Type your search keyword, and press enter

SEVRIN LORE: Green witch

When the adepts ousted Eldreath twenty years ago and replaced the sorcerer tyrant with a council of learned men of science, the people of Sevrin readily agreed that magic was dangerous and should be outlawed.

But no cultural change is quick or absolute.

Country folk, and quite a few villagers and city dwellers, have long depended upon the skills of green witches, woman versed in herbal cures, midwivery, and the treatment of injuries.  Though the adepts of Sevrin have outlawed the making and selling of herbal potions–the better to ply their own alchemically created medicines–people are still in the habit of consulting green witches, though neither witch nor customer would dare use that name.

Even the adepts concede that herbalists must be allowed to practice their trade, for herbs have many uses.  They add flavor to soups and stews, discourage fleas that might otherwise take up residence in straw mattresses, fill rooms with a pleasant scent, and are still used by alchemists who create potions and poisons.  So herbalists grow and sell useful plants, but they are not allowed to create and sell combinations.  They can, however, offer clients hospitality, and many a tonic has been dispensed in a tankard of ale or a kvani cup.

In fact, some green witches–most of them young women who were still children when the adepts ousted Eldreath and proscribed magic–work as tavern wenches, the better to ply their trade.  Complaining of a sore head or aching joints to the right wench will ensure that your tankard is filled with a pain-soothing willowbark tea rather than ale.  The innkeepers, of course, know nothing of this practice and would be shocked–shocked!–to learn that herbal cures were being dispensed at their establishments.

 

SEVRIN LORE: The search for a panacea

One of the primary preoccupations of alchemy is a universal panacea, a remedy that will cure all ills.  In Sevrin, that search has taken a rather unusual tangent, yielding elixers that, though not by any means a panacea, contribute to the vigorous health and long lives of the islands’ inhabitants.

The primary ingrediant in these elixers are berries. These fruits grow in great variety and abundance on the islands of Sevrin and in the mainland meadows and forests.  It was, ironically, the toxic nature of some wild berries that led to the development of elixers.

Alchemists spent considerable effort trying to isolate and identify the substances that made some berries deadly poison, with the goal of transforming a life-taking substance into something that had equally powerful life-giving properties.  Though mishaps occurred along the way, they have achieved some successes.  In the process, they have bred a wide variety of berries previously unknown to the people of Sevrin.

The belief in the efficacy of berries is a central part of Sevrin’s culture.  Children are given daily doses of berry elixers.  Decoctions of healing herbs are frequently mixed with berries, as are the medications alchemist create.  Certain astringent berries are crushed and mixed with distilled berry wine to make a solution used to clean and treat wounds. Most parents keep a jar of this remedy on hand to dab on small skinned knees. Craftsmen of all kinds keep a jug to treat workshop injuries.

Berry farming is a common occupation, and even the smallest gardens–including the patches of land around in-town homes–contain at least one berry bush, a dwarfed tree, a vine-covered trellis, or a few ground-hugging plants.

Berry wines are common, as are berry-fortified meads known as kvani.

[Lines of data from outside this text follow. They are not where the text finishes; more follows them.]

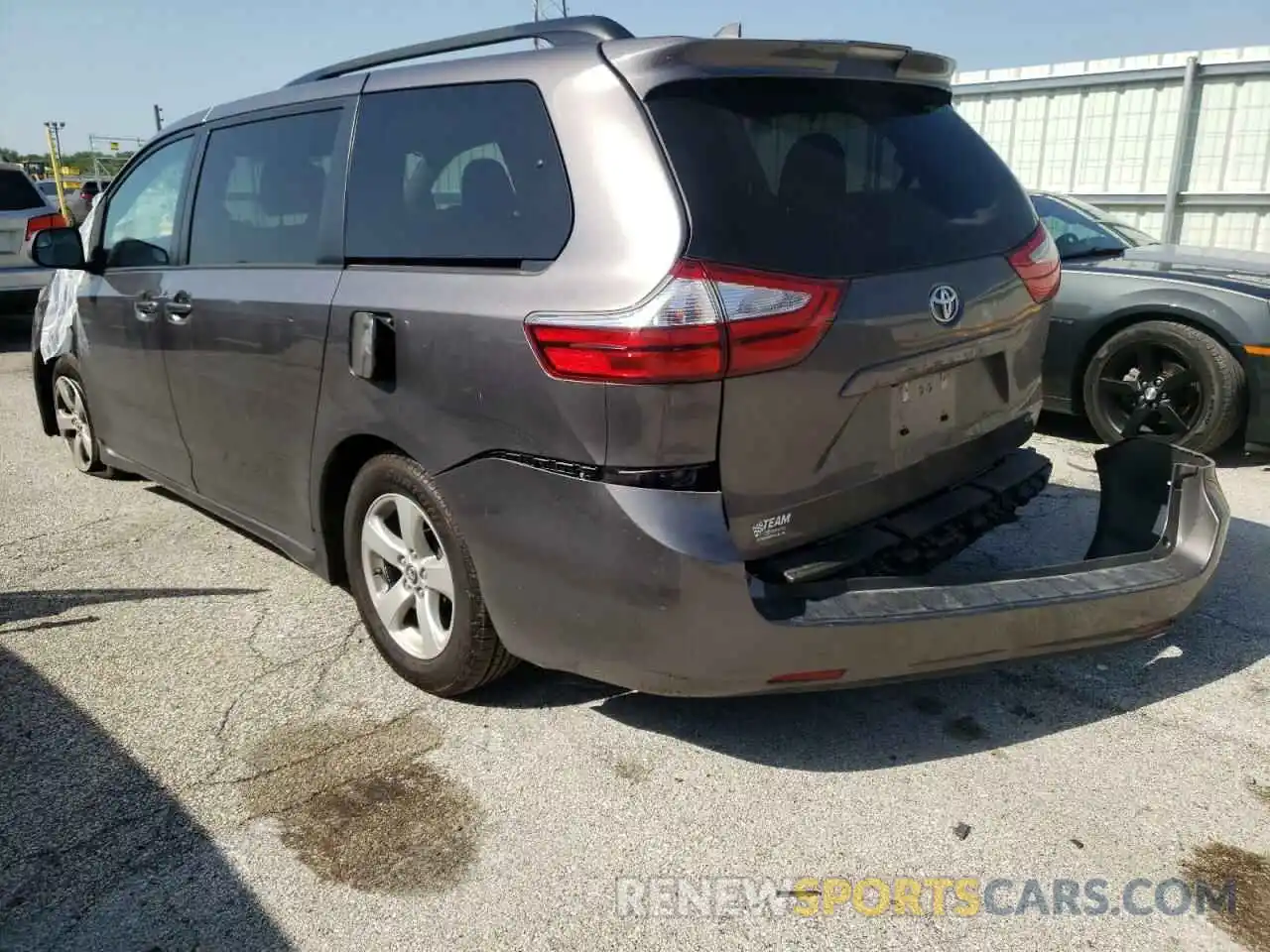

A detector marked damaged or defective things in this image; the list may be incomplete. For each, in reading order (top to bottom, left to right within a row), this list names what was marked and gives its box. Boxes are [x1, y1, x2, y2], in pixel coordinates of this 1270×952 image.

cracked asphalt pavement [0, 314, 1264, 952]
detached bumper cover on ground [437, 436, 1229, 695]
rear damaged bumper [437, 441, 1229, 700] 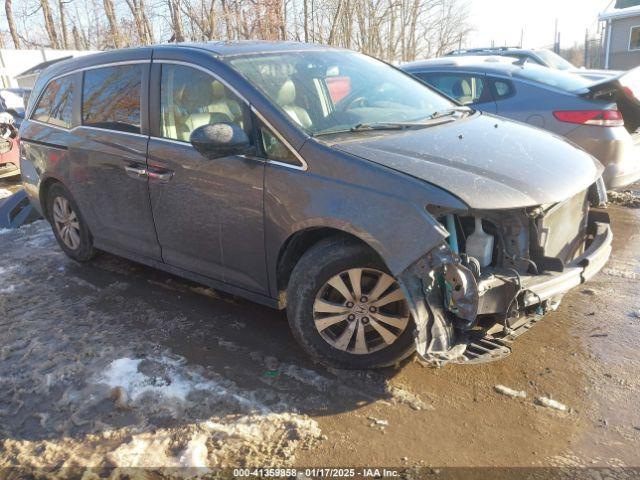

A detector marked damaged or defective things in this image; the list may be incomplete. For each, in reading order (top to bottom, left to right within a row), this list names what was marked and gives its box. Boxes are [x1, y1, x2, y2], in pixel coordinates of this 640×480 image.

damaged honda odyssey [18, 43, 608, 370]
hood damage [398, 187, 612, 364]
destroyed front bumper [400, 209, 616, 364] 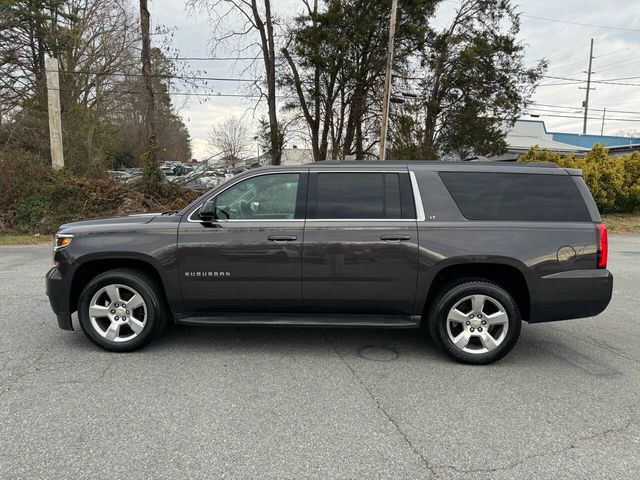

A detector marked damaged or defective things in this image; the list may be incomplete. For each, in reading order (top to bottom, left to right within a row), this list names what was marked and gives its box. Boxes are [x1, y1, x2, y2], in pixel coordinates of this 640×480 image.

crack in asphalt [322, 332, 438, 478] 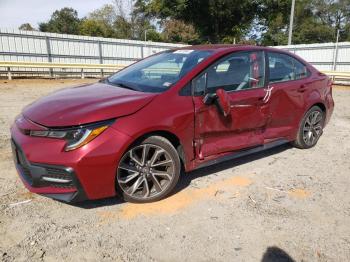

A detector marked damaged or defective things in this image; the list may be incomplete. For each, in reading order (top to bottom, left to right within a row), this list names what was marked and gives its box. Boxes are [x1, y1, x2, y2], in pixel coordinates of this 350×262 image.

damaged red sedan [10, 45, 334, 203] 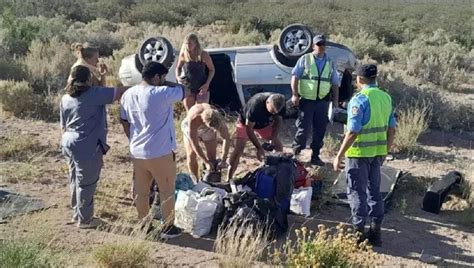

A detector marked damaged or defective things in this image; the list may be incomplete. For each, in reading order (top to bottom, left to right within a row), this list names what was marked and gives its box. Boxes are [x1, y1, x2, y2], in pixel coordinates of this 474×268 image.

overturned vehicle [118, 23, 356, 114] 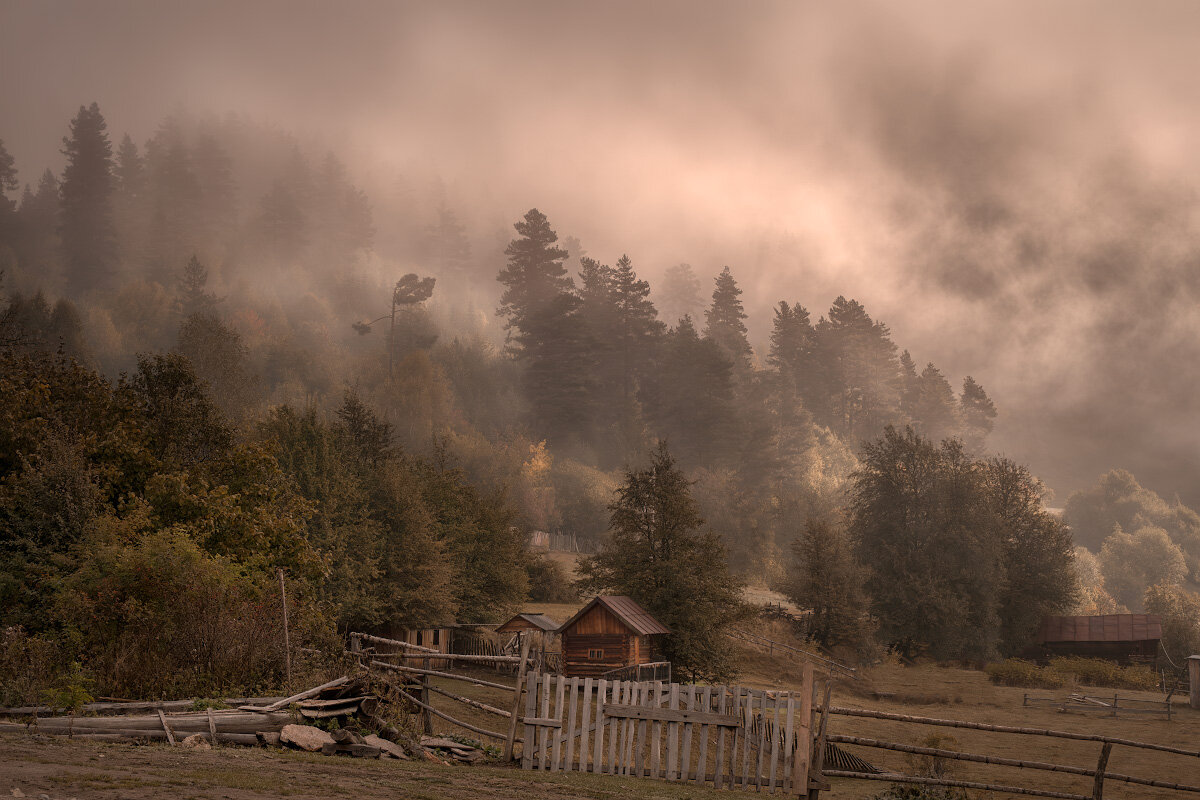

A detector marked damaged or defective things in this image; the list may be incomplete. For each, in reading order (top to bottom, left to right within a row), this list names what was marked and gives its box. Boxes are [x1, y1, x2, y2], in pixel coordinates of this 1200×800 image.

rusty metal roof [494, 614, 559, 633]
rusty metal roof [556, 597, 672, 633]
rusty metal roof [1041, 614, 1161, 642] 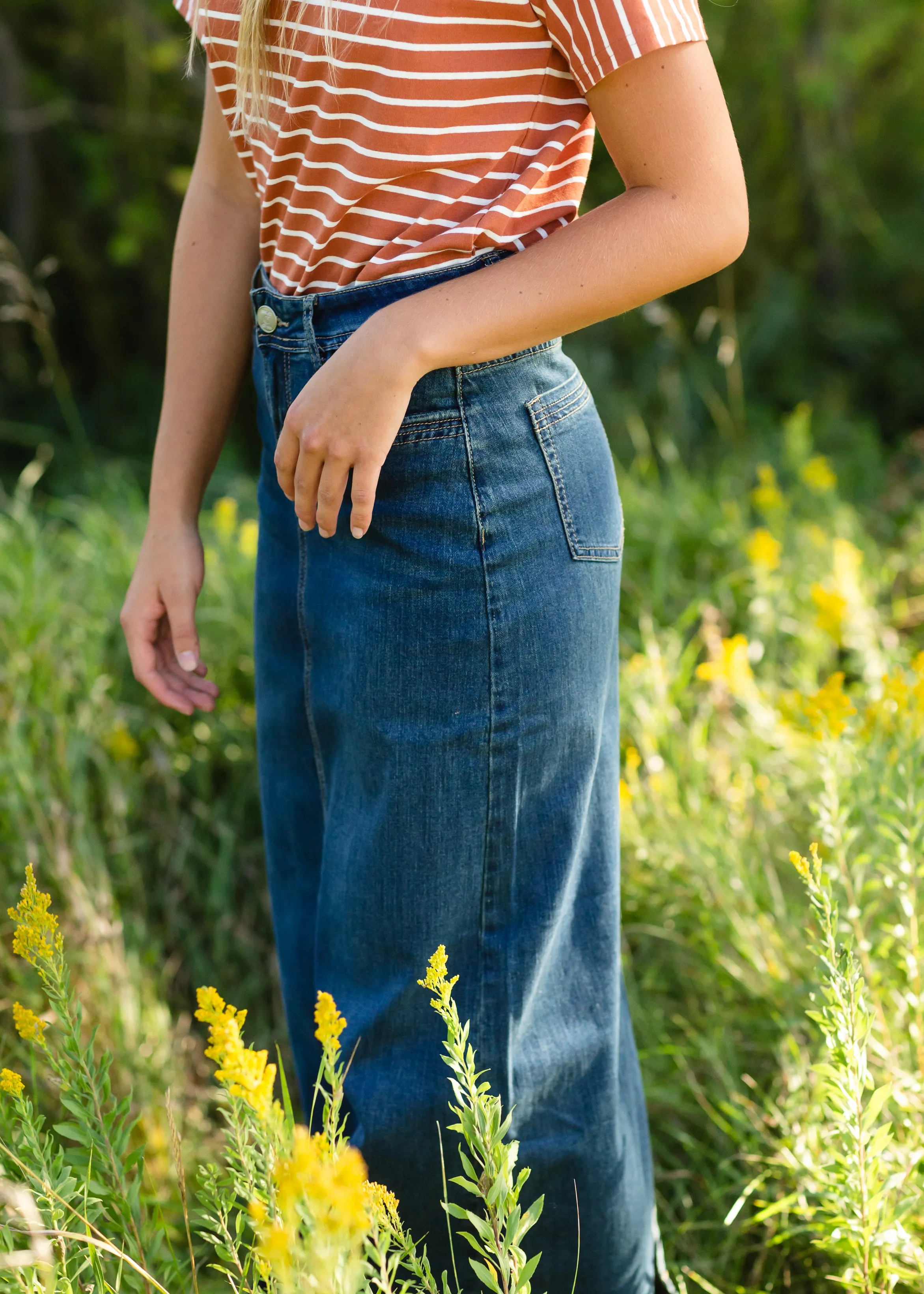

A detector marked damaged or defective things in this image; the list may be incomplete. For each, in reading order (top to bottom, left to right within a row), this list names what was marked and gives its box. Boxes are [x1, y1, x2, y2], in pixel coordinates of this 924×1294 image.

rust striped t-shirt [174, 0, 707, 294] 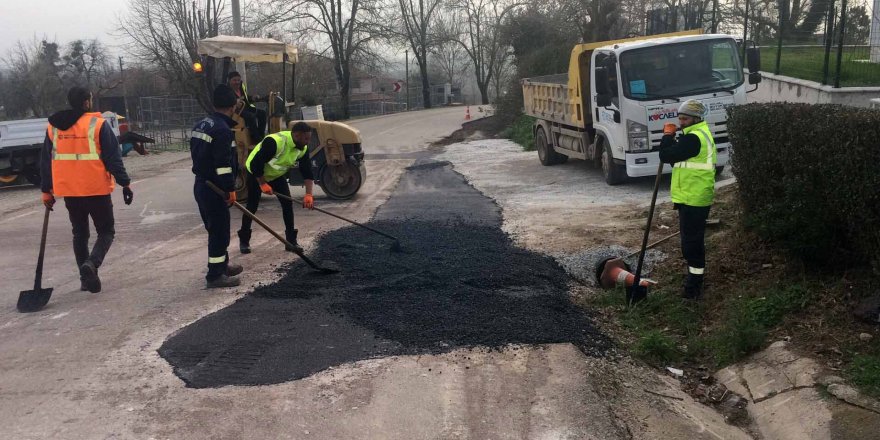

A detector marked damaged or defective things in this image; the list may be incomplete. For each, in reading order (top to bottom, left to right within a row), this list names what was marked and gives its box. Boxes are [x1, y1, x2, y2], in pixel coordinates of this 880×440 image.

fresh asphalt patch [160, 162, 612, 388]
road pothole repair [160, 162, 612, 388]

Many households put up a small barrel of their own kvani, and unwritten rules of hospitality demand that hosts offers their guests berry wine or mead in tiny pottery cups called kvanimar.  Even in this purely social setting, alchemists and the search for panacea is acknowledged.  Kvanimar usually have colorful glazes that represent the four elements or the four humors, or they might be hand-painted with elaborate designs that incorporate alchemical symbols and imagery.